# DATA IN THIS EXERCISE
◆ ◆ ◆ ◆ ◆ ◆ ◆

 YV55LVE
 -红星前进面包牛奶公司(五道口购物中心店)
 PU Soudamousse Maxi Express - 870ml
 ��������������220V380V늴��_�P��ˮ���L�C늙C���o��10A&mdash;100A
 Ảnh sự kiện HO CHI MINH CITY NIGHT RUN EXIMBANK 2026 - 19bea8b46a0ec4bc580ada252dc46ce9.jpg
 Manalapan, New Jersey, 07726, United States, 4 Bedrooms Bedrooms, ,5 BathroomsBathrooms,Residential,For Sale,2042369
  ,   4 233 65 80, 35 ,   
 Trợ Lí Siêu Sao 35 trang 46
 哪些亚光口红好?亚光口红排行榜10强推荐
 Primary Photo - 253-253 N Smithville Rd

◆ ◆ ◆ ◆ ◆ ◆ ◆

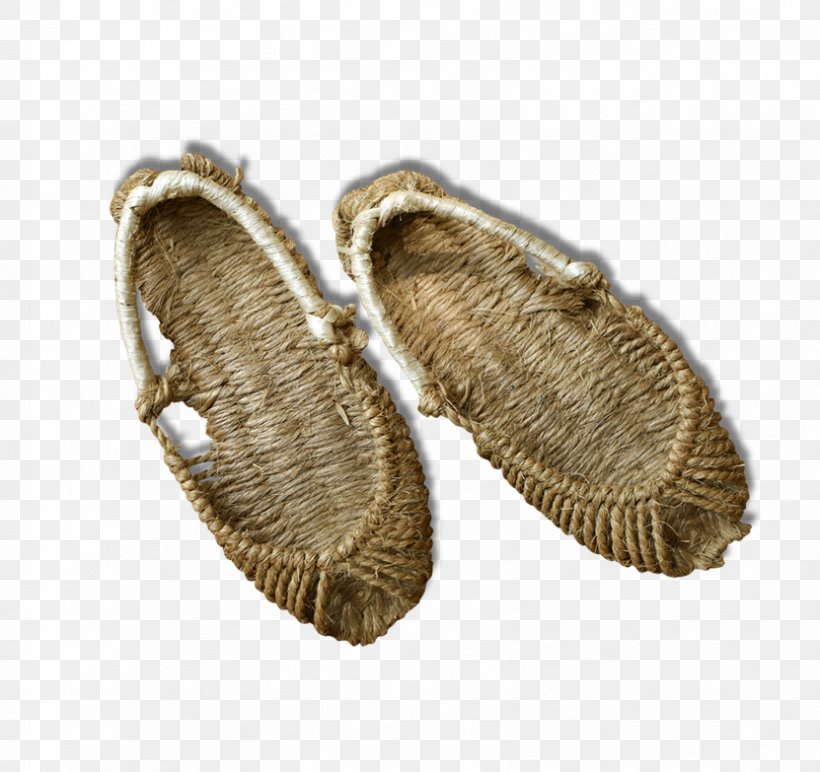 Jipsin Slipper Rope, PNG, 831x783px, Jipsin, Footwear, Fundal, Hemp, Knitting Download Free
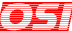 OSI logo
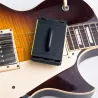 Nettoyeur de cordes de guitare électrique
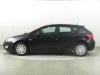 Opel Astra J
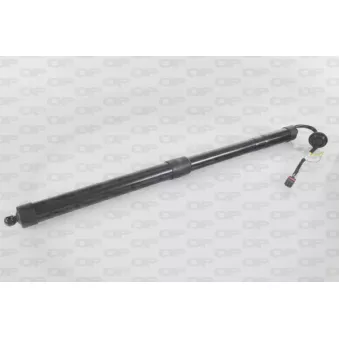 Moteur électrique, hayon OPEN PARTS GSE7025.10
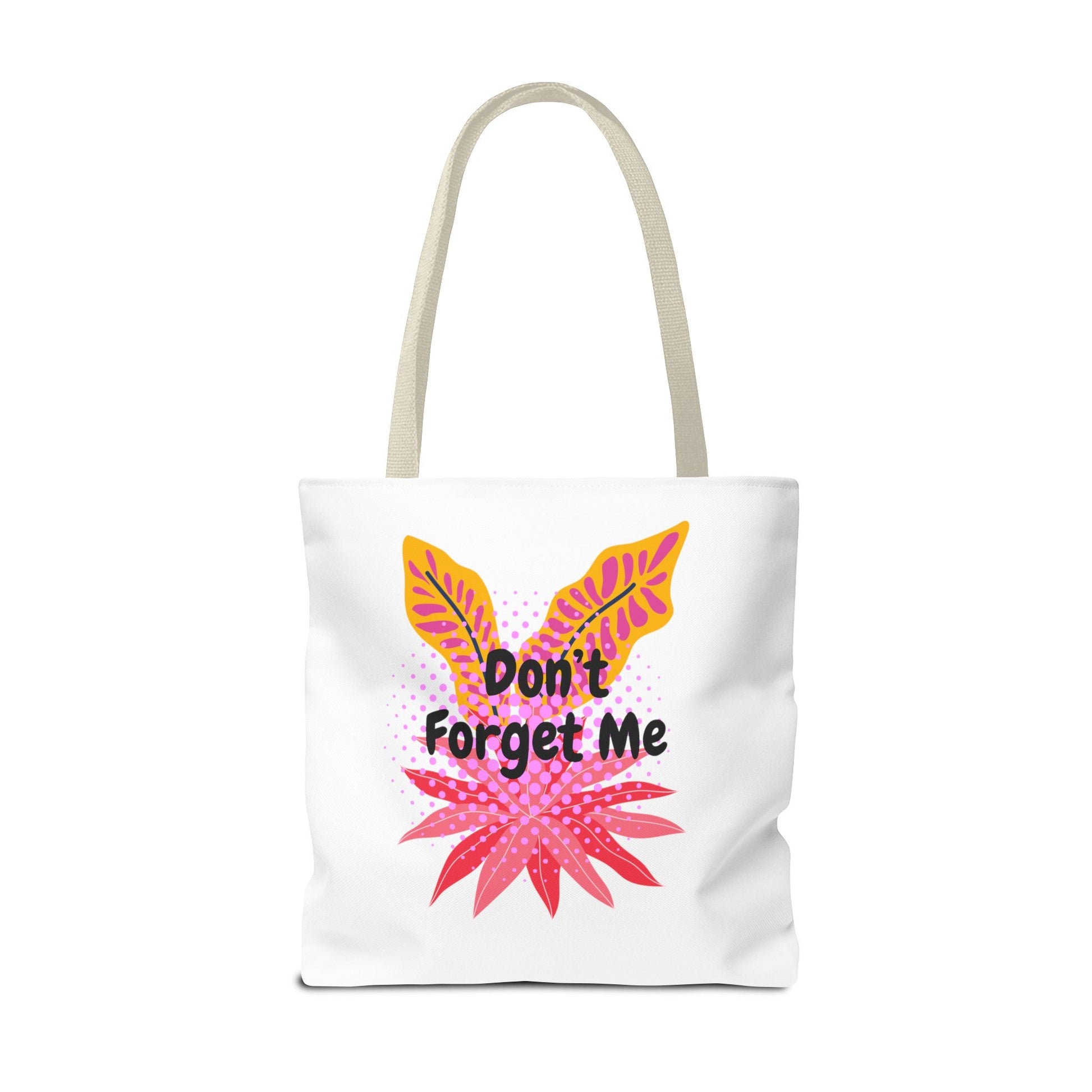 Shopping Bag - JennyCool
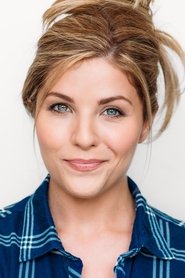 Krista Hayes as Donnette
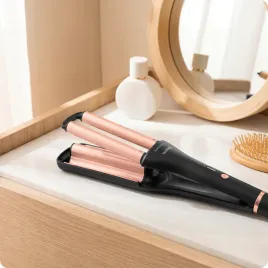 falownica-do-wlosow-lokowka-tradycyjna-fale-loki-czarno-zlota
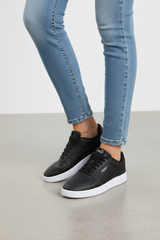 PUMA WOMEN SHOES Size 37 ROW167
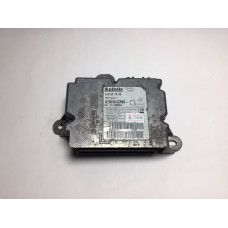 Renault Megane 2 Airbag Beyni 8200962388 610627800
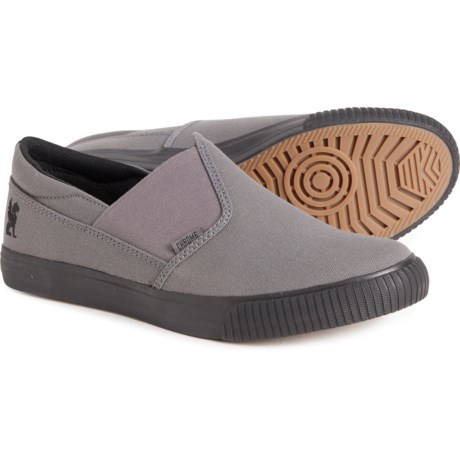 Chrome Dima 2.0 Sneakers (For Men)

◆ ◆ ◆ ◆ ◆ ◆ ◆

Range to print from the listing above: from the line with "Krista Hayes as Donnette" up to and including the line with "Chrome Dima 2.0 Sneakers (For Men)". Please print those lines exactly, with no pictures and nothing more.

# YOUR SOLUTION
 Krista Hayes as Donnette
 falownica-do-wlosow-lokowka-tradycyjna-fale-loki-czarno-zlota
 PUMA WOMEN SHOES Size 37 ROW167
 Renault Megane 2 Airbag Beyni 8200962388 610627800
 Chrome Dima 2.0 Sneakers (For Men)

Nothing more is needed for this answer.